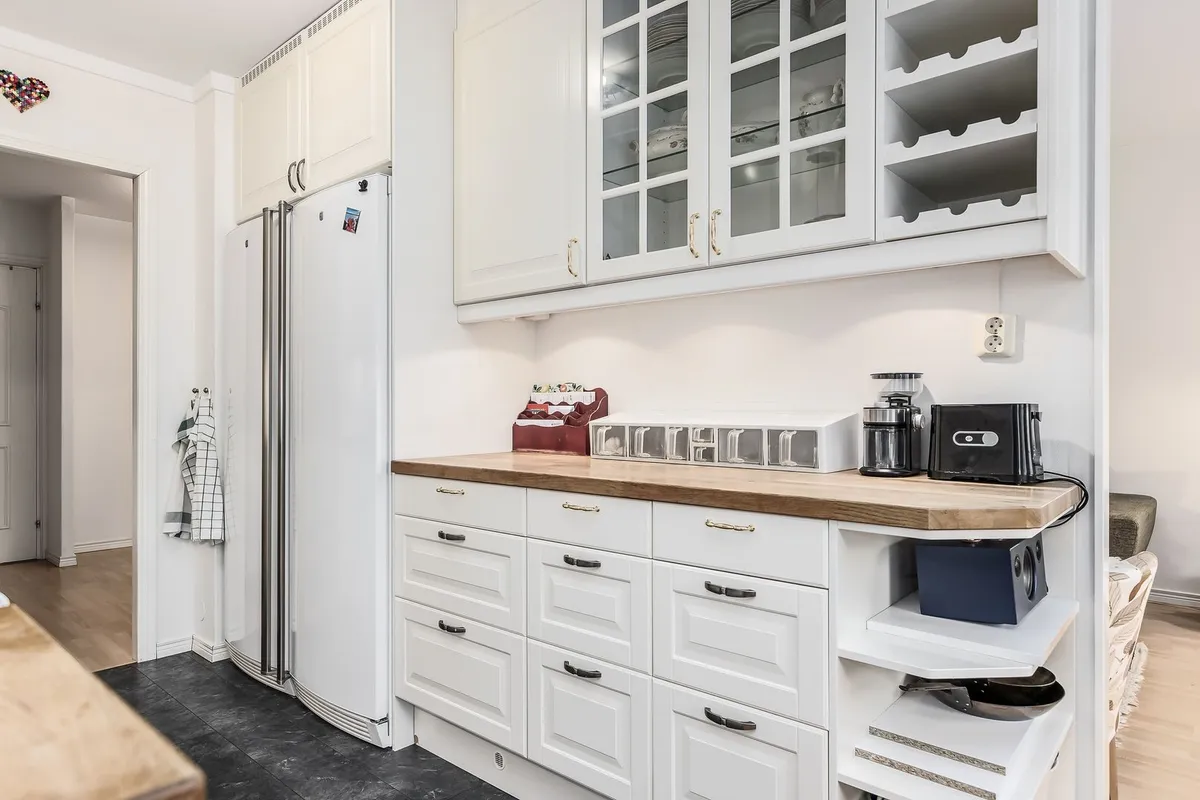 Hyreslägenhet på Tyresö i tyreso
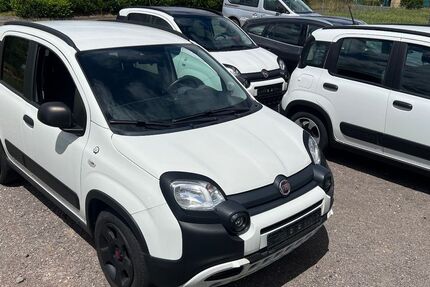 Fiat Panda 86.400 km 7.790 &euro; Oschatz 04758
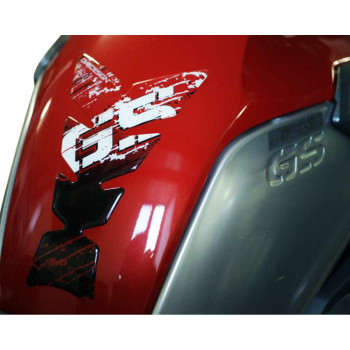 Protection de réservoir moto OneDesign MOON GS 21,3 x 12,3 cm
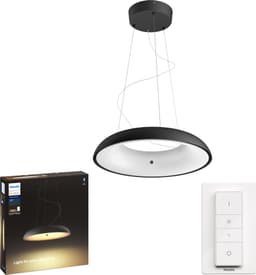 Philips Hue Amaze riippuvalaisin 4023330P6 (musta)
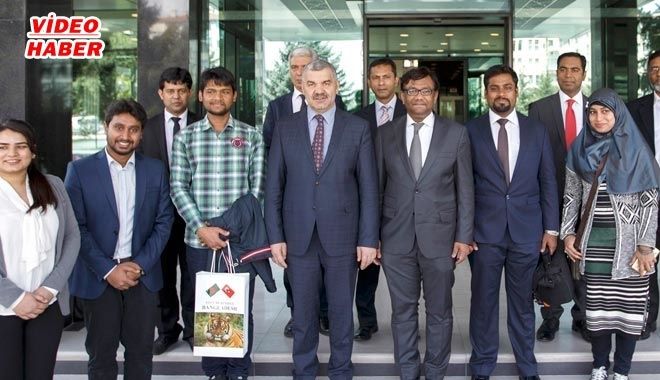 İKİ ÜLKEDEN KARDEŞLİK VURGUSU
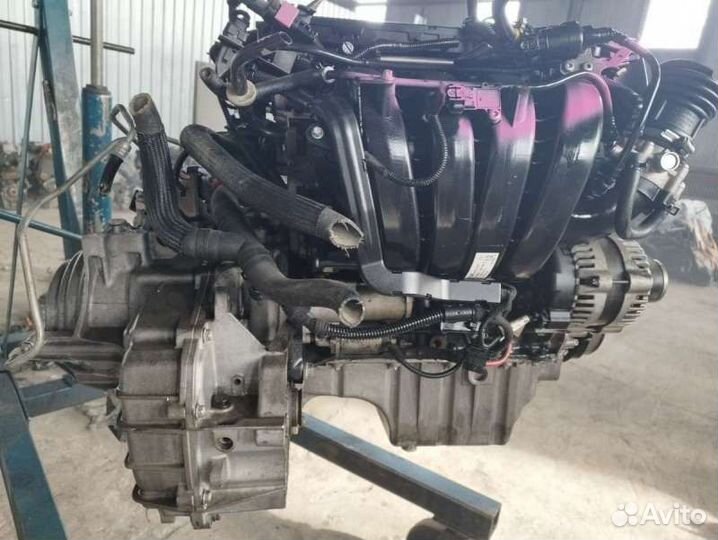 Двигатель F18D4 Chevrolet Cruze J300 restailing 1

* [WORK ITEM] All lines from the one containing "Fiat Panda 86.400" to the last line of the records above, both included, need to be repeated word for word; omit the pictures.

* [SOLUTION BELOW]
 Fiat Panda 86.400 km 7.790 &euro; Oschatz 04758
 Protection de réservoir moto OneDesign MOON GS 21,3 x 12,3 cm
 Philips Hue Amaze riippuvalaisin 4023330P6 (musta)
 İKİ ÜLKEDEN KARDEŞLİK VURGUSU
 Двигатель F18D4 Chevrolet Cruze J300 restailing 1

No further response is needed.